The past few years we have taken tamale orders by email, but this year due to COVID, we have a brand spankin’ new online ordering system and it made it that much easier for guests to place and a pay for their orders online.
Each year we have doubled our tamale totals. The first year we made about 30 dozen and I though that was a lot. Last year we did about 60 dozen and I couldn’t believe it doubled. This year we sold over 125 dozen tamales and I thought the orders would never stop coming in.
But they did, and we got them all done. And now we get to share this generational tradition with almost 100 families during Christmas. And hopefully after watching our Patreon video and using the recipe below, you too can start a tamale making tradition with your family.
Red Chile Sauce:
5 dried New Mexico Chiles
5 dried guajillo chiles
5 dried ancho chiles
5 dried chile de arbol
5 cloves garlic
2 TB kosher salt
In a medium sized stock pot, combine all ingredients and cover with water. Bring to a boil and place a lid on the pot. Steep the chiles for 10 minutes. Puree the chiles with steeped chile tea in a high speed blender for a smooth sauce. Combine this sauce with 1 lb chopped brisket or barbacoa for tamale filling.
1 lb tomatillos, husk off
1 lb poblano peppers, halved and de-stemmed
4 jalapenos, halved and de-stemmed
2 bunches cilantro
6 cloves garlic
1 onion, peeled and quartered
1/4 C lime juice
Combine all ingredients in a pot big enough to fit everything, put a lid on it and cook on medium until all the veggies are soft and have given up their liquid. Puree with a stick blender until smooth.
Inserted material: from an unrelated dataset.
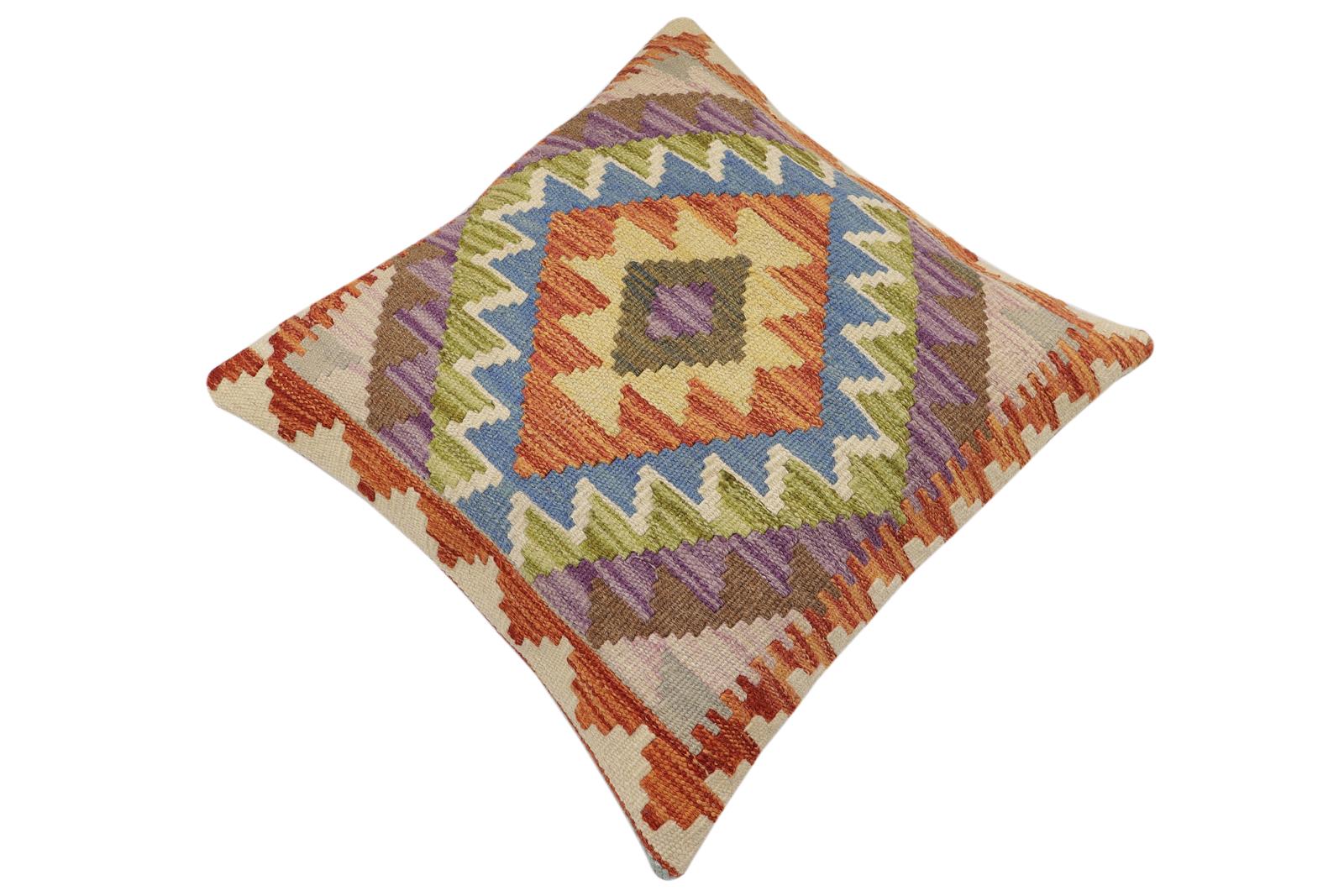 handmade Traditional Pillow Rust Blue Hand-Woven SQUARE 100% WOOL Hand woven turkish pillow2 x 2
Mix this salsa with 1 lb pulled pork for tamale filling.
For the masa:
2000 g dry masa harina
2270ml hot water or stock
970g rendered melted animal fat
50g kosher salt
20g baking powder
20g granulated garlic
In a large bus tub, mix together the dry masa, salt, bullion, baking powder, and garlic.
Add the warm water/stock and melted animal fat and mix together with gloved hands until everything is incorporated and smooth.
Make the tamales:
Soak 2 (1lb) packs dry corn husks in water to hydrate for 10 minutes.
Spread 2–3oz masa on the smooth side of the husk near the top wide end into the size of a small tortilla, about a 4" disc.
Add 1.5–2oz of desired filling to the masa and use the husk to fold the sides of the masa together. If a little bit of the filling is still poking out, that’s ok. Roll the husk around the masa and fold the skinny end up along the seam. Place seam-side down to store and repeat this process about a hundred times or until all the masa and/or filling is gone.
In a large steamer pot with 2" of water in the bottom, layer the tamales in a circle, open side up with the seam facing the outside side of the pot to keep them folded. Layer the folded tamales in the pot in smaller circles leading to the center of the pot until it’s full.
Put the pot over high heat with the lid on until steam starts to come out of the lid. Move the heat down to medium and steam for one hour. After an hour, let the tamales rest for 20 minutes off the heat until slightly cooled.
Unwrap from the husk and serve with salsas, queso fresco, fresh cilantro, and lime.